> What you have to do
Every word in the data below belongs in your copy, exactly as given; the pictures do not.
● ● ● ● ● ● ●
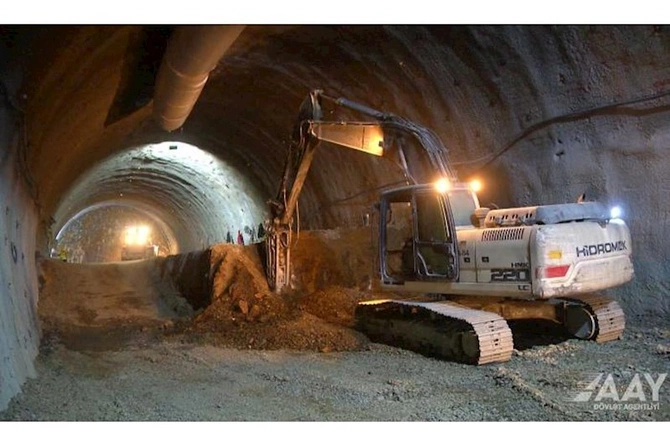 Murovdağ tunelində qazma işləri tamamlandı — FOTO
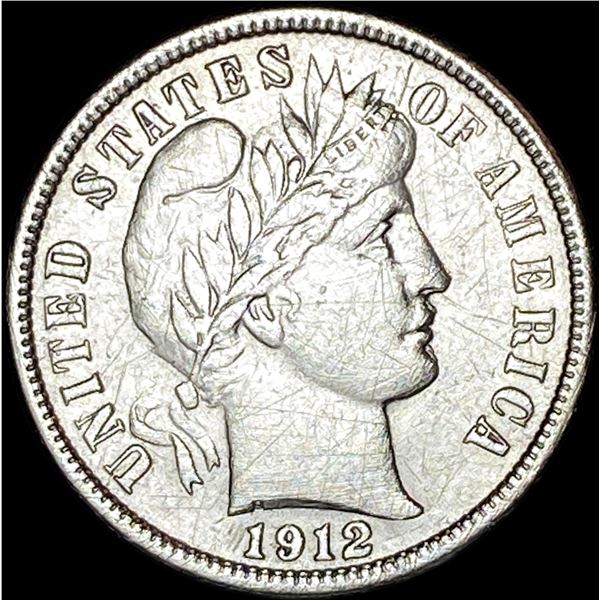 1912-S Silver Barber Dime NEARLY UNCIRCULATED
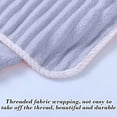 thumbnail image 6 of Qholemyo Corals Fleece Towel With Large Strips And Absorbent Edges For Men And Women To Wash Faces Take Bath Dry Hair Wipe Hair Bathroom Towels Cotton Bath Towels, 6 of 6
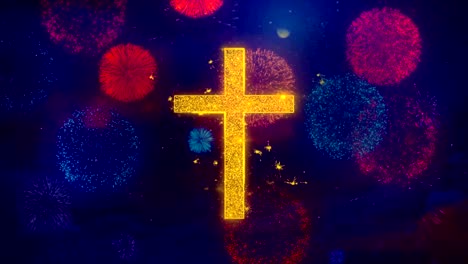 christian cross animation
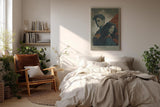 Paul Sinus Wandbild in 40x60cm The Last Hope – Superman und Frau in epischer Pose, moderne Kunst mit starker Symbolik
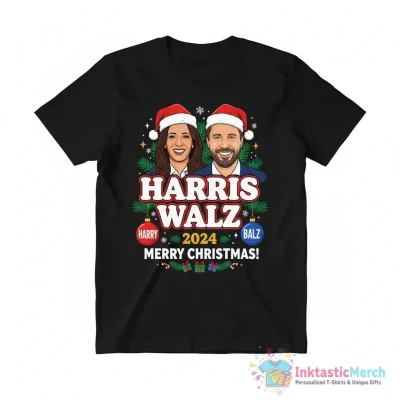 Kamala Harris 2024 Harris Walz Harry Balz Christmas shirt - High Quality Printed T-Shirt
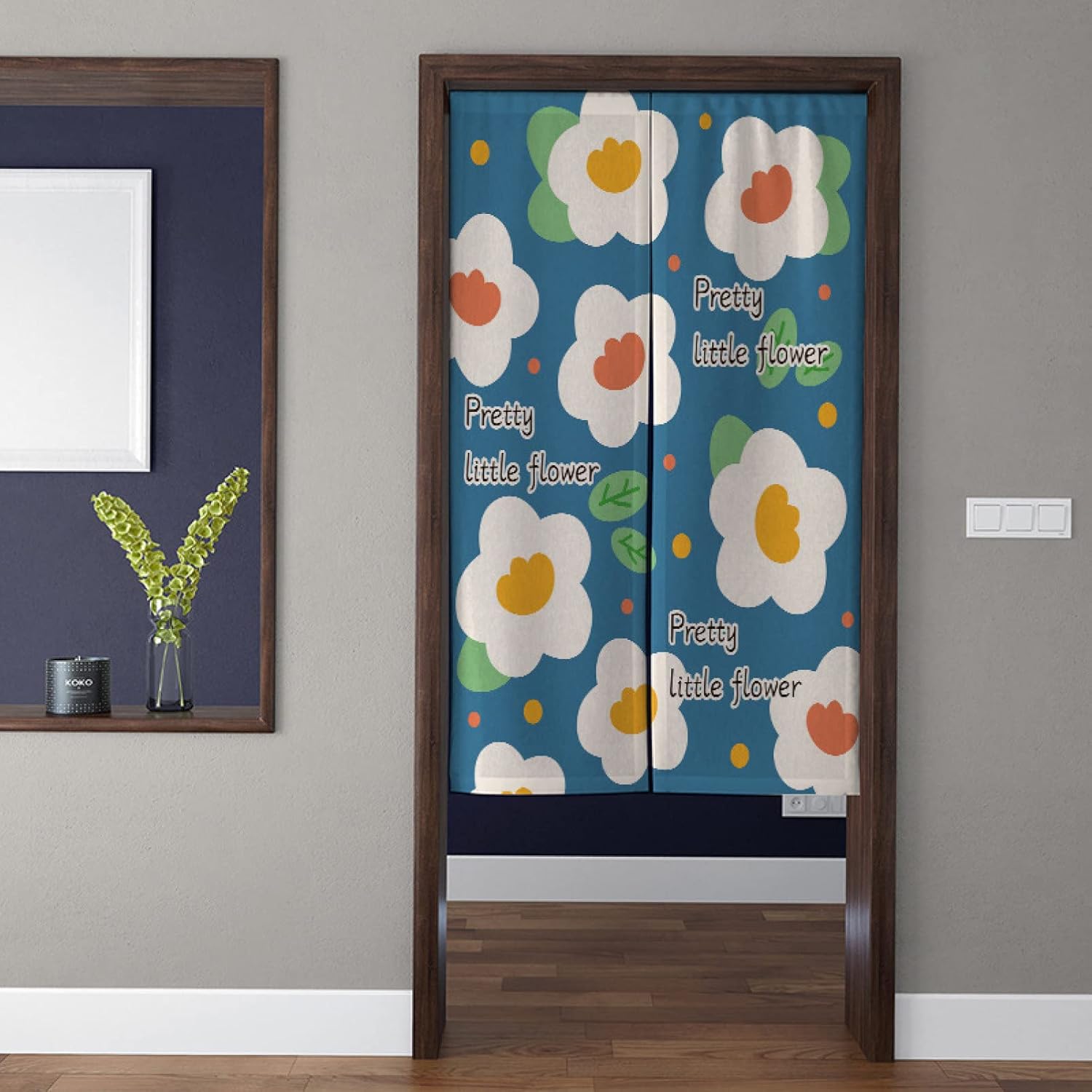 暖簾?ノレン?のれん?コットンリネン インテリア デザイン カラー7 ペンギン 簡約 北欧 シンプル 可愛い 120*120cm 動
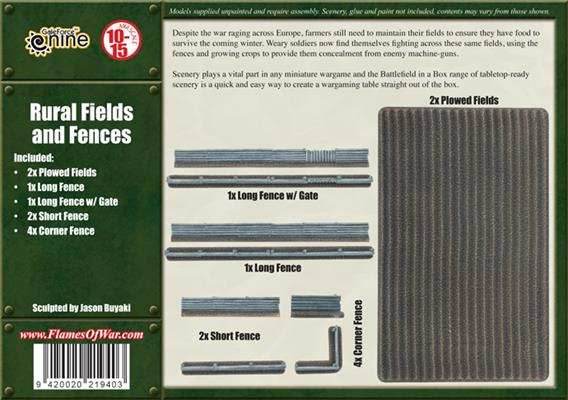 Flames of War: Rural Fields & Fences -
● ● ● ● ● ● ●
> Final answer
 Murovdağ tunelində qazma işləri tamamlandı — FOTO
 1912-S Silver Barber Dime NEARLY UNCIRCULATED
 thumbnail image 6 of Qholemyo Corals Fleece Towel With Large Strips And Absorbent Edges For Men And Women To Wash Faces Take Bath Dry Hair Wipe Hair Bathroom Towels Cotton Bath Towels, 6 of 6
 christian cross animation
 Paul Sinus Wandbild in 40x60cm The Last Hope – Superman und Frau in epischer Pose, moderne Kunst mit starker Symbolik
 Kamala Harris 2024 Harris Walz Harry Balz Christmas shirt - High Quality Printed T-Shirt
 暖簾?ノレン?のれん?コットンリネン インテリア デザイン カラー7 ペンギン 簡約 北欧 シンプル 可愛い 120*120cm 動
 Flames of War: Rural Fields & Fences -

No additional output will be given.